The Global Perspectives on Science and Spirituality (GPSS) project has received a $2 million grant from the John Templeton Foundation to support the GPSS Major Awards Program, which will promote a new round of research in the field of science and spirituality. Details...

The grant is a result of the successful first phase of the GPSS program from 2003 to 2006, which made 18 research awards totaling $1.2 million to scholars from many of the leading universities in Eastern Europe, Central Europe and Asia.

The GPSS program is based at Elon and U.I.P., a research institute based in Paris. The program, which can be found on the Internet at, is the largest grants competition to ever target Asia and Central/Eastern Europe in the field of science and religion.

Pranab Das, Elon physics department chair, serves as principal investigator for the GPSS Major Awards Program. Das was principal investigator and program director for the first phase of GPSS, which was also funded by a $2 million Templeton Foundation grant. Tom Mackenzie will serve as program director for the Major Awards Program.

Researchers from the first GPSS program will be eligible to apply for the Major Awards Program, along with select new groups of scholars. Das says grants in the Major Awards Program will be “significant, between $100,000 and $300,000 each.” The grants will support in-depth scholarly research as well as academic and public programs designed to invigorate and enhance the dialogue on science and spirituality worldwide.

Das will assemble a panel to judge applications for the Major Awards Program, with the winners to be announced in September. Winners will begin work on their research in late 2006 and continue through 2009.

The GPSS program is based at Elon and U.I.P., a research institute based in Paris. GPSS seeks to engage scholars from the non-Western world in the dialogue on science and spirituality, which Das believes is vital.
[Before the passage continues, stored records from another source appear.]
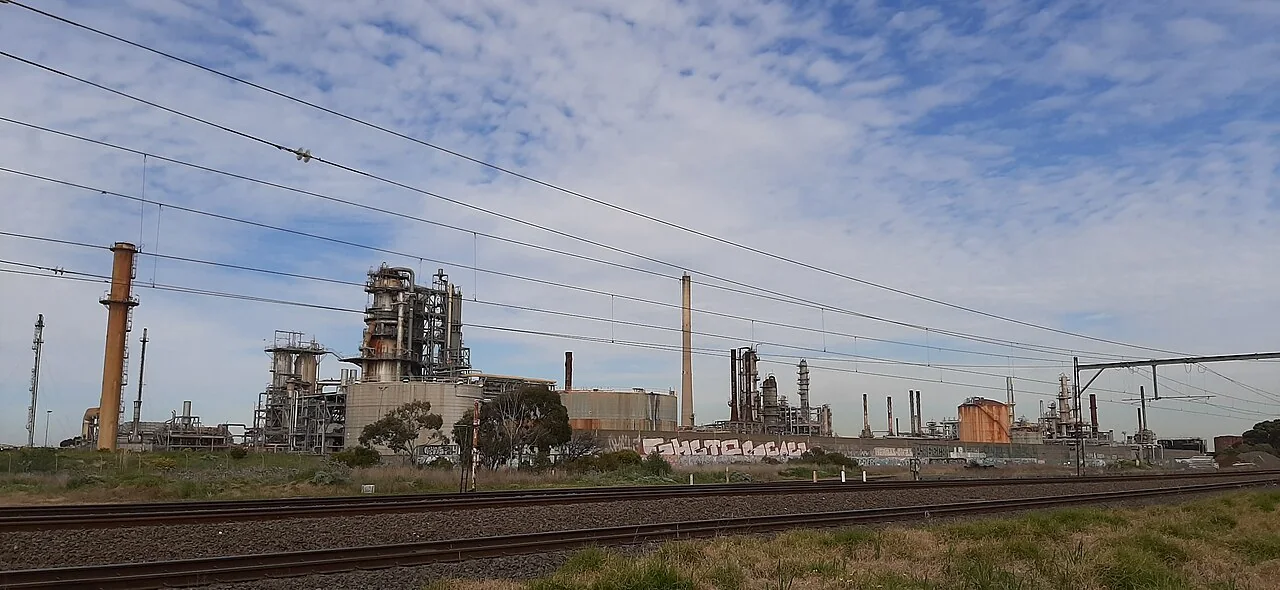 Oil refinery environment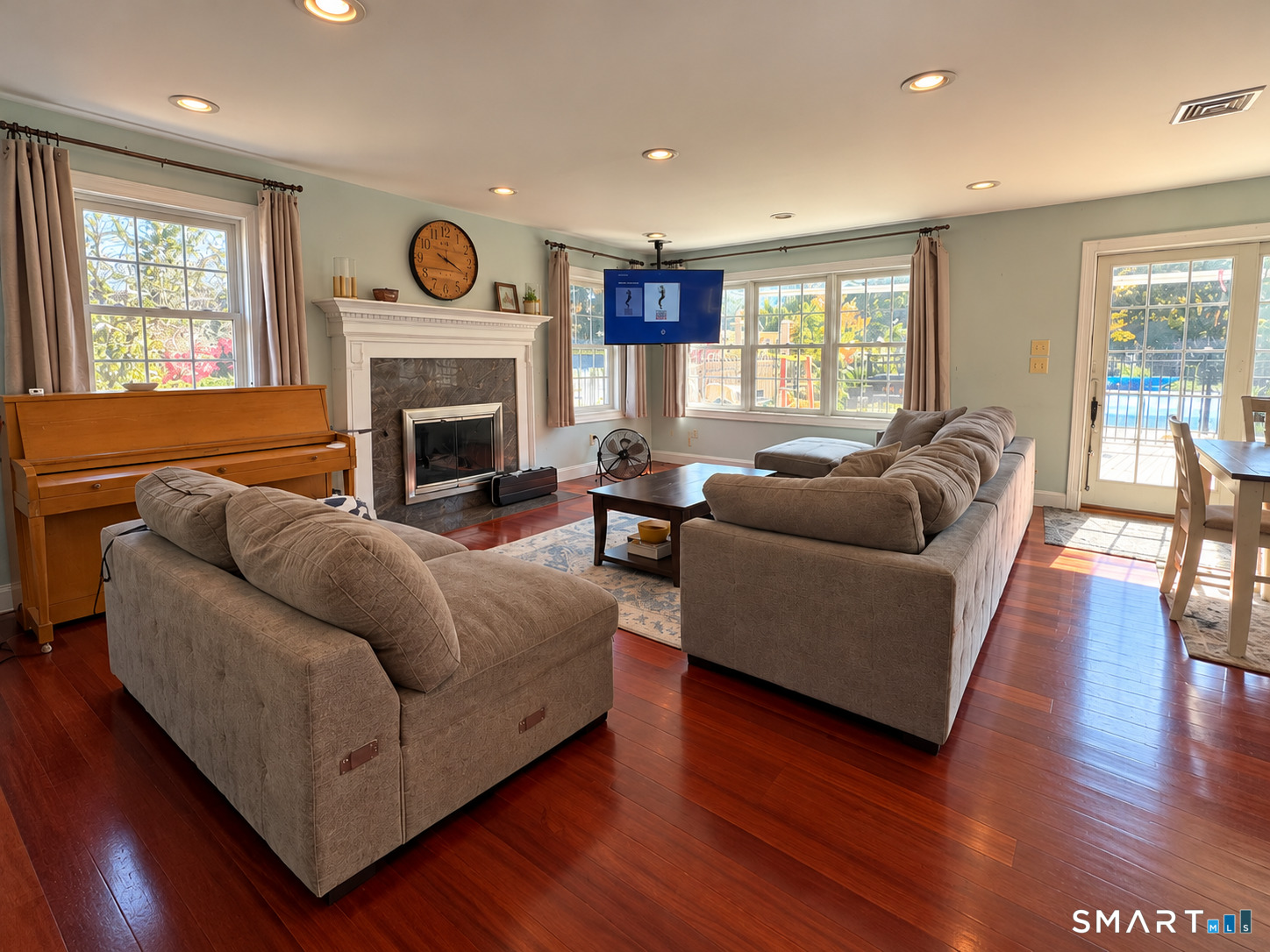 18 Deerfield Road Waterford CT 06385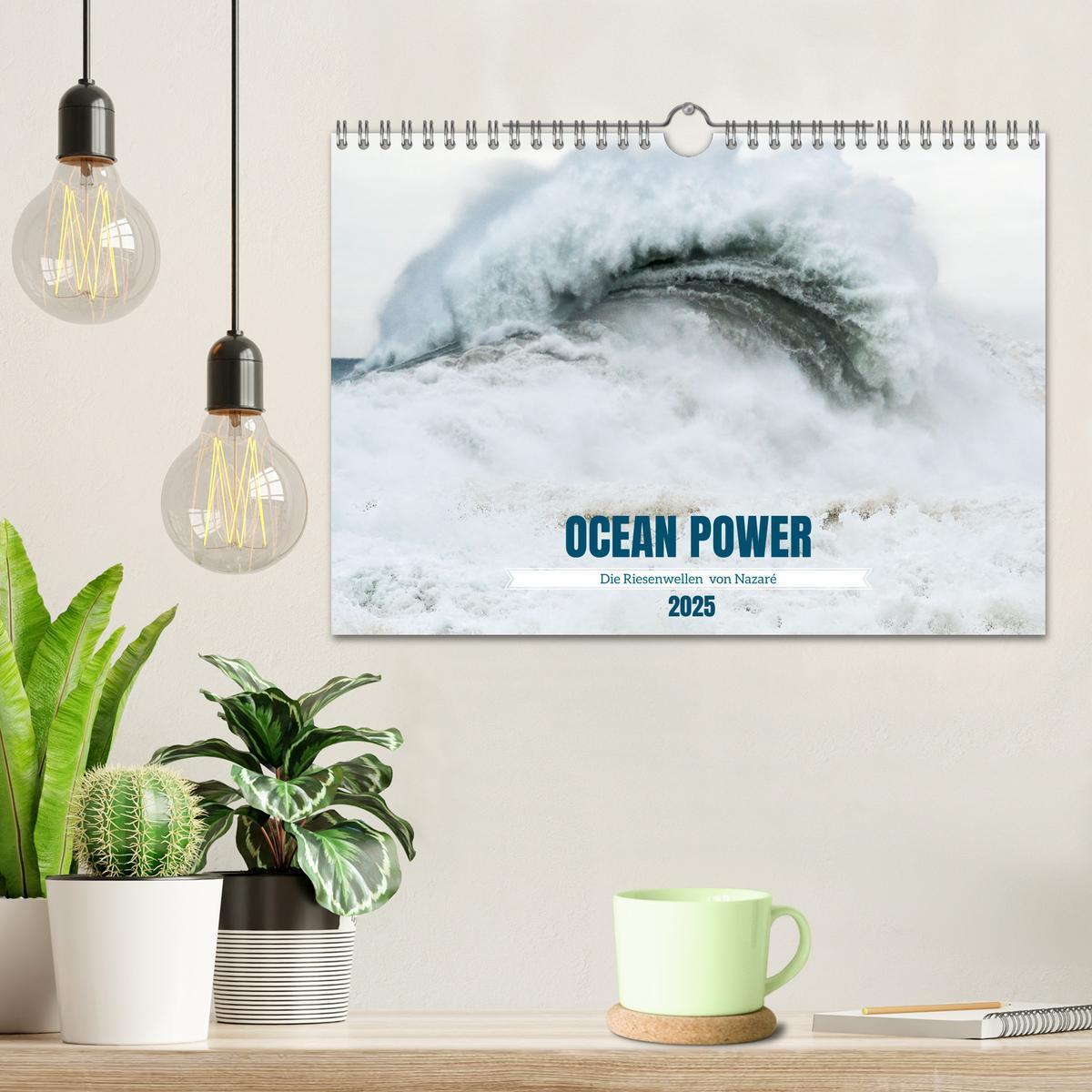 Bild: 9783457199497 | OCEAN POWER - Die Riesenwellen von Nazaré (Wandkalender 2025 DIN A4...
“In Asia and Eastern and Central Europe, we find scholars whose framework is different from those in the West,” says Das. “Generally, the readings of science are similar but the contexts in which those readings are placed are profoundly different. These scholars bring real novelty of approach and originality of vision to the field.”

Das has high hopes for the research the Major Awards Program will generate, based on the success of the first GPSS program. Highlights of the first program included:

  • One of India’s leading young philosophers who headed a team investigating the concepts of consciousness and agency in light of Indian religions
  • An elite Buddhist research center in Japan that conducted pioneering work on the relationship between Buddhism and modern science
  • An institute in St. Petersburg, Russia, that is among the first to establish public courses in science and religion and is working to develop ideas for the constructive engagement of science and religion in school curricula.